Features

Freshman Josh Cornelius earns highest rank in Scouts

Aaron Toland | Staff Writer

The year is 2009. Josh Cornelius is a pint-sized first grader from North Grove Elementary School; he is enamored with Star Wars. Currently, Cornelius is dressed in the button-up, navy blue uniform of a Cub Scout; his bright orange handkerchief identifies him as a Tiger Scout. Cornelius is attending a Cub Scout car race known as the Pinewood Derby.

  At the Pinewood Derby, Scouts race miniature wooden cars down a metal track.These cars were made by the scouts and their fathers. For the race, Cornelius and his father made a car that looked like a snake coming out of a rock. At the Pinewood Derby, Cornelius is full of glee; what could be better? He gets to goof around with his fellow Tiger Scout friends while they get to race the cars that they made.

  Fast forward almost a decade later to February 18, 2018. Cornelius is now a freshman at CGHS; his school mascot has changed from one ancient warrior, the Viking, to another, the Trojan. Cornelius is no longer pint-sized either; he now stands at five foot ten and clocks in at 150 pounds. He has exchanged his navy blue Cub Scout uniform for the tan uniform of a Boy Scout. His love for Star Wars, however, has still not faltered.Today, Cornelius is not focused on the Pinewood Derby; thinking back on it, the race seems trivial to him. Today Cornelius is instead at a banquet held in his honor. He has earned the highest rank that scouting has to offer: the Eagle rank.

 Cornelius’s Eagle Court of Honor is almost over; his parents just delivered a speech about how proud they are of their son’s achievement. Cornelius is now up to bat. He is supposed to deliver a speech on his journey to becoming an Eagle Scout and what being an Eagle Scout means to him. He still does not have anything prepared.

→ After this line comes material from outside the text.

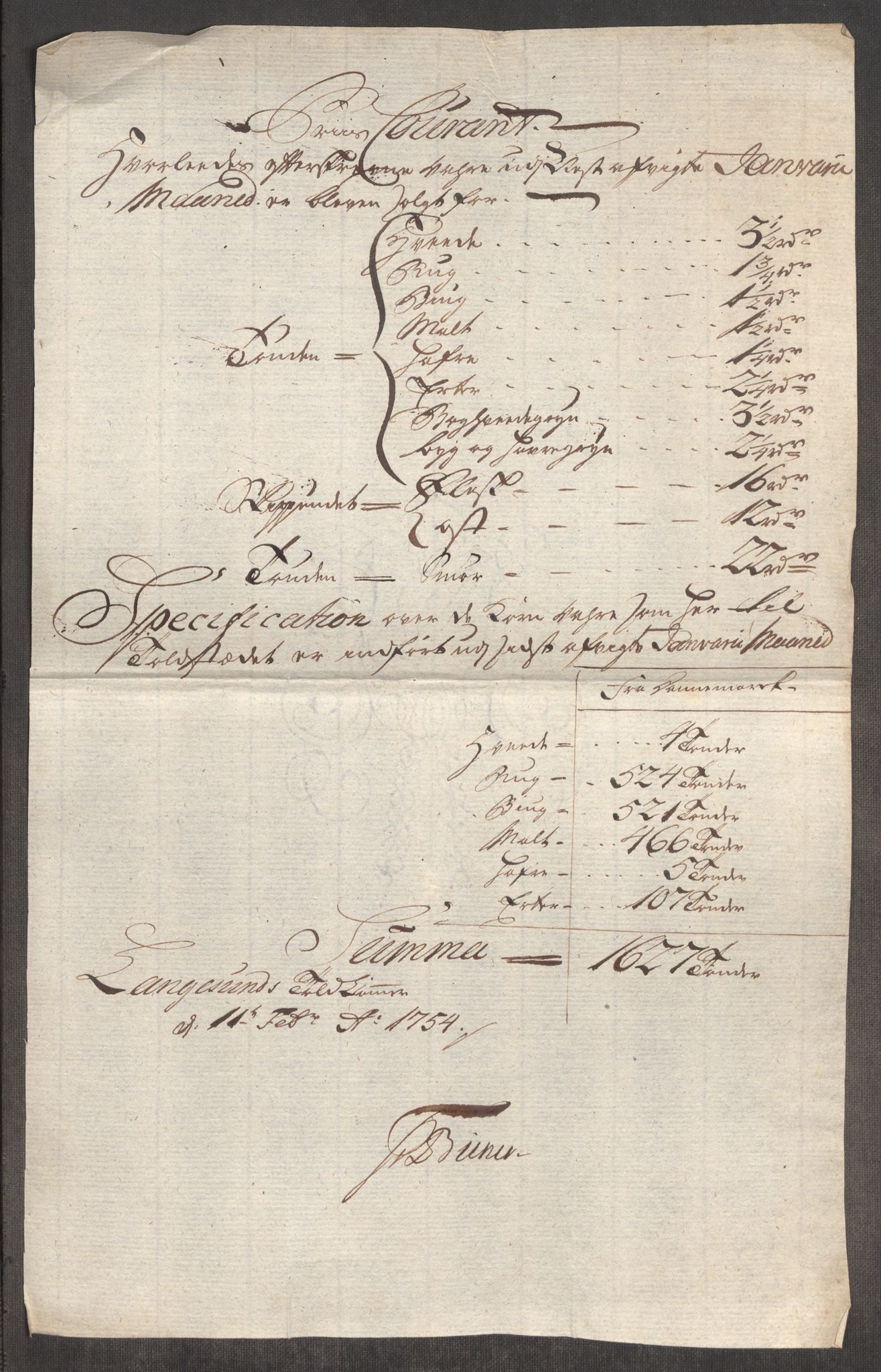 Rentekammeret inntil 1814, Realistisk ordnet avdeling, RA/EA-4070/Oe/L0005: [Ø1]: Priskuranter, 1753-1757, p. 272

  Since February of 2014, when Cornelius and his fellow scouts crossed over from Cub Scouts to Boy Scouts, Cornelius tirelessly worked toward the rank of Eagle. While many of his peers became inactive or quit scouts altogether, Cornelius continued to work his way up the scouting ranks.

  Cornelius worked his way up the troop’s leadership hierarchy as well.

  “For six months, I was the patrol leader; I was in charge of about five or six other boys,” said Cornelius. “After I was done being patrol leader, I became the chaplin’s aid which is the troop’s religious leader. I was then elected as Assistant Senior Patrol Leader, the second- in-command of everyone in my troop.”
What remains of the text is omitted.